9. Poll `get_render` every 4 s until status is `done` or `failed`.
10. Return `result.video_url` to the user.

## Decision rules

- Captions default ON unless the user says otherwise.
- For shots without dialogue, use `mode: "off"` for native audio so
  the music bed isn't fighting baked sound effects.
- If `get_status.voice.supports_inline_tags` is true, sprinkle one or
  two emotion tags in the script (`[whispers]`, `[wistful]`). Don't
  overdo it.

## When to bail

- Available credits below the cost preview.
- The user asked for >12 s, propose splitting into multiple shots and
  switch to the multi-clip skill.
- Render failed twice in a row with the same error code.

Try it

Once installed:
Make me a 5-second video of a barista pulling a perfect espresso shot at dawn. Narrate it like an old French film.
The agent uses the skill verbatim, checks providers, drafts a script in a specific register, picks a low-strings music bed, renders, returns the URL. ~30 seconds wall clock.

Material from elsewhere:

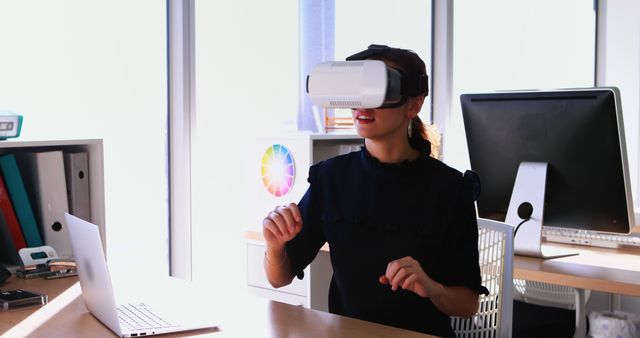 Businesswoman Experiencing Virtual Reality in Office - Download Free Stock Images Pikwizard.com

Why this works better than freeform prompting

Without the skill, an agent given the same brief will often:
  • Skip the capability probe and fail mid-render when voice isn’t wired.
  • Render before attaching audio because nothing told it the order.
  • Use a different idempotency key on retry, double-billing the user.
  • Pick a generic “cinematic” music mood for every brief.
The skill is short (under 400 words) but every line removes one of those failure modes.